Advise patients to keep the dressing on for at least 1 week, and longer if the injected lesion is oozing [28]. Provide patients with dressings to take home so they can replace the dressing if it falls off. Patients should wear gloves while changing dressings and should avoid touching or scratching injection sites. Prophylactic acetaminophen on the evening of injection may help block the constitutional side effects that may occur 24–48 h after injection. Herpetic infection has been reported in both patients treated with T-VEC and those preparing or administering T-VEC [30]. Individuals with possible herpetic lesions should report the event to Amgen on 1-855-IMLYGIC (1-855-465-9442); patients or close contacts may receive follow-up testing for further characterization of the infection as part of an ongoing study (NCT02910557). T-VEC is sensitive to acyclovir and may be used for healthcare workers or others who have developed a herpetic infection from T-VEC exposure. However, antiviral agents should be used with caution in patients with melanoma as it may interfere with the effectiveness of T-VEC.

7 Conclusion

T-VEC is approved by the FDA and in Europe, Australia, Israel, and Switzerland for the treatment of recurrent unresectable cutaneous, subcutaneous, and/or superficial nodal disease. The favorable toxicity profile, and the potential to generate a systemic antitumor immune response, has led to several clinical trials investigating its use in combination with ICIs in advanced melanoma (stage IIIB or greater).
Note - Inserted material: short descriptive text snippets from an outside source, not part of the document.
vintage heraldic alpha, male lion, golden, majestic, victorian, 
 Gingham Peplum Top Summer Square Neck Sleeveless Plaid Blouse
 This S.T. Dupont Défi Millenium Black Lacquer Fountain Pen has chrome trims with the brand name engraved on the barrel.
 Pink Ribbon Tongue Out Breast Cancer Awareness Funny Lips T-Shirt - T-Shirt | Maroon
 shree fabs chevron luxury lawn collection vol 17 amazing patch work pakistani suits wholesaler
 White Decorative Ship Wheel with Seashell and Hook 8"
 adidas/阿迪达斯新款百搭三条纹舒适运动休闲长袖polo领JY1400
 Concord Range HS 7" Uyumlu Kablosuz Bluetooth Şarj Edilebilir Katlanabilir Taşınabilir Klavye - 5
While the results of these phase IB/II studies are encouraging, use of T-VEC in combination with ICI remains under clinical investigation, and a large randomized phase III study of T-VEC and pembrolizumab is expected to report shortly. To date, while T-VEC has been used off-label concurrently with other immunotherapy, consideration of T-VEC is currently recommended for any local satellite, in transit metastasis, or limited to nodal recurrence that is accessible for injection by sight, palpation, or ultrasound. Although surgical resection, if possible, and systemic therapy may also be considered, T-VEC appears to be ideal for patients with limited locoregional disease, when temporal recurrences have become more frequent, and when given as first-line therapy. While patients who are treatment naïve and have a smaller tumor burden (< 14.5 cm2) are more likely to respond to T-VEC, responses have also been seen in those for whom multiple therapies have failed, including targeted therapy and immunotherapy [1, 31]. Further investigation of T-VEC in the neoadjuvant setting and in direct visceral injection of melanoma are also underway, and studies of T-VEC alone and in combination have been initiated in multiple other types of cancer. T-VEC is another arrow in the treatment armamentarium for patients with melanoma and can offer a low toxicity alternative for patients with comorbid conditions that make surgery or systemic therapy more complicated; T-VEC may be especially well-suited for patients with locoregional disease and in the first-line setting. Further clinical studies of T-VEC combinations should help define the role of T-VEC for patients with more advanced systemic melanoma.